The company's financials were also affected by a proposed settlement under the CPUC's order-instituting investigation into the 2017 wildfires, a penalty for violating locate-and-mark protocols, and the cost of accelerated inspections of its infrastructure.
The company filed for bankruptcy last January after facing an estimated $30 billion in liabilities from a series of wildfires in Northern California caused by its power lines. PG&E plans to exit bankruptcy by June 30 — the deadline set by Assembly Bill 1054 in order to participate in California's new wildfire insurance fund — with an updated plan that would refresh its board of directors and settle with victims of previous wildfires to the tune of more than $25 billion.
"We have resolved essentially every consequential issue within the Bankruptcy Court's jurisdiction, most notably reaching a settlement with wildfire victims. Our focus now is on working with all key stakeholders, including elected officials and state regulators, to position PG&E for emergence as a financially stable company with a renewed and rigorous focus on safe operations and customer service, while meeting California's energy needs and goals in a changed climate," PG&E Corp President and CEO Bill Johnson said in a press release.

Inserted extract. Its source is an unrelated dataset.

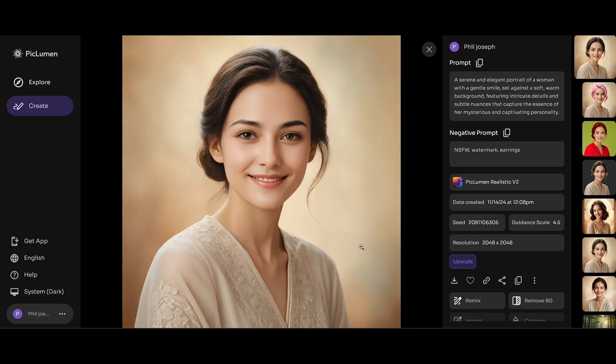This was a quick tutorial on how to use Piclumen to generate amazing AI images. I hope you liked this tutorial. Thank you so much for watching until the very end and have a wonderful day.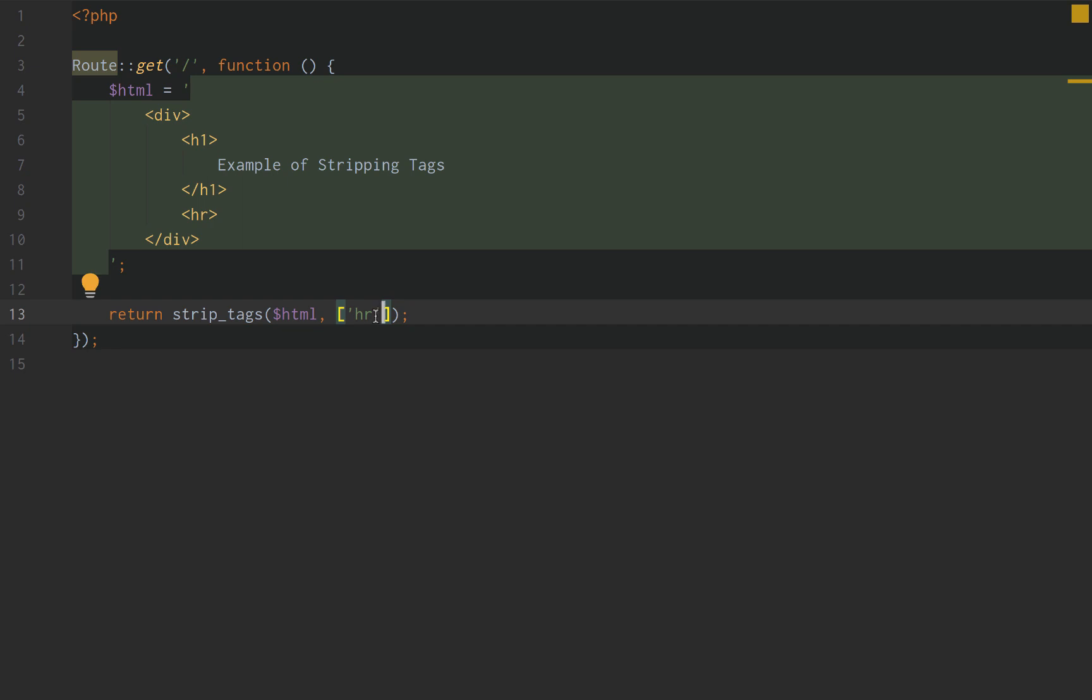And yeah, so that's all the update is for strip tags, guys. Now we can just pass an array of tags we do not want to strip when passing our HTML string to the strip tags function.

However, the company still faces several financial risks — including potential liabilities from the Kincade Fire, which burned nearly 78,000 acres of Northern California last October. The California Department of Forestry and Fire Protection (CAL FIRE) is investigating the origin of the fire, but PG&E could be saddled with liabilities that exceed its insurance coverage if it is found to have caused it, the company reported in its 10-K filing.
The company is responding to data requests from the CPUC's Safety and Enforcement Division regarding the Kincade Fire, it said in the SEC filing, and the findings could make it the subject of more investigations and lawsuits. And regardless of CAL FIRE's eventual investigation report, potential claims from the Kincade Fire could hinder PG&E's bankruptcy plan and affect its ability to participate in California's wildfire fund.
PG&E still faces a lot of uncertainty, including whether it can get out of bankruptcy under its current reorganization strategy, according to Andrew Campbell, executive director at the Energy Institute at Haas, University of California, Berkeley. The best-case scenario for the company is to exit bankruptcy in time to access California's wildfire fund and hope that any potential liabilities from the Kincade Fire and future wildfires are small enough to be covered through a combination of insurance and the fund.
But under the worst-case scenario, a large fire this year could disrupt the viability of its reorganization plan.
"Even after 2020, a big fire could exhaust the wildfire fund and so … a bad-scenario is PG&E goes back into bankruptcy again because of wildfire liabilities," he told Utility Dive.
Policymakers are looking at different solutions to address wildfire risks, including back-up power systems, microgrids and undergrounding power lines, Kou said.
"All of those proposals and approaches will need to be considered and all of them have different trade-offs," she continued.
In addition, PG&E could face financial risks from its public safety power shut-off program, which involves proactively de-energizing portions of its system during times of high fire risk, the company said in its 10-K filing. The shut-offs could potentially affect 5.4 million electric customer accounts, and have faced widespread criticism from California Gov. Gavin Newsom, D, lawmakers and regulators.
In November, the CPUC issued an order asking PG&E to show cause as to why it shouldn't be fined for violating communication protocols during the shut-offs in 2019. And last month, SB 378 — proposed legislation that would place hourly fines on utilities for shut-offs that the CPUC determines are not prudent — was passed by the state Senate.